#### Data to process:

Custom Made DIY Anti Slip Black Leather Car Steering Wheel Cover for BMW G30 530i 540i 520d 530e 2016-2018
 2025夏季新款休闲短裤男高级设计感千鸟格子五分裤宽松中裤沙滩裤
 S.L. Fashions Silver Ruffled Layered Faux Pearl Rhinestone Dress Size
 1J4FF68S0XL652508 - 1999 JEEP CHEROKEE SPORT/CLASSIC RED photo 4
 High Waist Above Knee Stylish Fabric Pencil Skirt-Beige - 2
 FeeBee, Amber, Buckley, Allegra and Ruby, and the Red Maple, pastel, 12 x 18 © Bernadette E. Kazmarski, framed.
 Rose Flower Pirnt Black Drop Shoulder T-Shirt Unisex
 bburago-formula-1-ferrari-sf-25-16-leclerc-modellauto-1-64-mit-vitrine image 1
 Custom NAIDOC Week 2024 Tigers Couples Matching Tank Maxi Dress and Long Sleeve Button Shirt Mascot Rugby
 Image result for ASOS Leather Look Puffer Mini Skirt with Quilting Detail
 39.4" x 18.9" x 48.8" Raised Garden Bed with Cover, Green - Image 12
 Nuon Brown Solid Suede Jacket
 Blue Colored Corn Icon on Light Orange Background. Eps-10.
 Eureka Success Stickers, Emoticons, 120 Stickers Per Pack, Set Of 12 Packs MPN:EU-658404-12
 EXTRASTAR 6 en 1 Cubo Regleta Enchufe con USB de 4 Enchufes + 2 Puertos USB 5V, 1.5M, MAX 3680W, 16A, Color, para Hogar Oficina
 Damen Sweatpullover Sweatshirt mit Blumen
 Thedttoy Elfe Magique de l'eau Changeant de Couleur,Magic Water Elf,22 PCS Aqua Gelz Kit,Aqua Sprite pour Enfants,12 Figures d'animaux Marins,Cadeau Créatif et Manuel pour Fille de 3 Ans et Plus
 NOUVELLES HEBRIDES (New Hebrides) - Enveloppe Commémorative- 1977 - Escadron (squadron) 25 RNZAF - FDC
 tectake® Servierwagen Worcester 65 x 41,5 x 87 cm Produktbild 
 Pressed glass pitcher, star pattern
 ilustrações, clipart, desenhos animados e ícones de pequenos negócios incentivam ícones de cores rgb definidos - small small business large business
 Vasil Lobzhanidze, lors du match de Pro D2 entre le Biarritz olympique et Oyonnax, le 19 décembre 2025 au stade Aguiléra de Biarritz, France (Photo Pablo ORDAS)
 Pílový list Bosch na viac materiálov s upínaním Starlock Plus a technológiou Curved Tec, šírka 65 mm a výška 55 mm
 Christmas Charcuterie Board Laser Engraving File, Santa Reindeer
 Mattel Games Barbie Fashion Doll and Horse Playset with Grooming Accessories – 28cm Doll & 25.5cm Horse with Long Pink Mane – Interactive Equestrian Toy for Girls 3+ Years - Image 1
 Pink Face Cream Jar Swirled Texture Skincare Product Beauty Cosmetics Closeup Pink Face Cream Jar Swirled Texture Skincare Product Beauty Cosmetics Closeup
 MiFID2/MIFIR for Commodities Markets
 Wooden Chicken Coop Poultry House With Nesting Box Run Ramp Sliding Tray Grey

#### Exercise:
Restate, without alteration, the lines of the material above that begin at the one containing "Thedttoy Elfe Magique" and run through its last line.

#### Task output:
 Thedttoy Elfe Magique de l'eau Changeant de Couleur,Magic Water Elf,22 PCS Aqua Gelz Kit,Aqua Sprite pour Enfants,12 Figures d'animaux Marins,Cadeau Créatif et Manuel pour Fille de 3 Ans et Plus
 NOUVELLES HEBRIDES (New Hebrides) - Enveloppe Commémorative- 1977 - Escadron (squadron) 25 RNZAF - FDC
 tectake® Servierwagen Worcester 65 x 41,5 x 87 cm Produktbild 
 Pressed glass pitcher, star pattern
 ilustrações, clipart, desenhos animados e ícones de pequenos negócios incentivam ícones de cores rgb definidos - small small business large business
 Vasil Lobzhanidze, lors du match de Pro D2 entre le Biarritz olympique et Oyonnax, le 19 décembre 2025 au stade Aguiléra de Biarritz, France (Photo Pablo ORDAS)
 Pílový list Bosch na viac materiálov s upínaním Starlock Plus a technológiou Curved Tec, šírka 65 mm a výška 55 mm
 Christmas Charcuterie Board Laser Engraving File, Santa Reindeer
 Mattel Games Barbie Fashion Doll and Horse Playset with Grooming Accessories – 28cm Doll & 25.5cm Horse with Long Pink Mane – Interactive Equestrian Toy for Girls 3+ Years - Image 1
 Pink Face Cream Jar Swirled Texture Skincare Product Beauty Cosmetics Closeup Pink Face Cream Jar Swirled Texture Skincare Product Beauty Cosmetics Closeup
 MiFID2/MIFIR for Commodities Markets
 Wooden Chicken Coop Poultry House With Nesting Box Run Ramp Sliding Tray Grey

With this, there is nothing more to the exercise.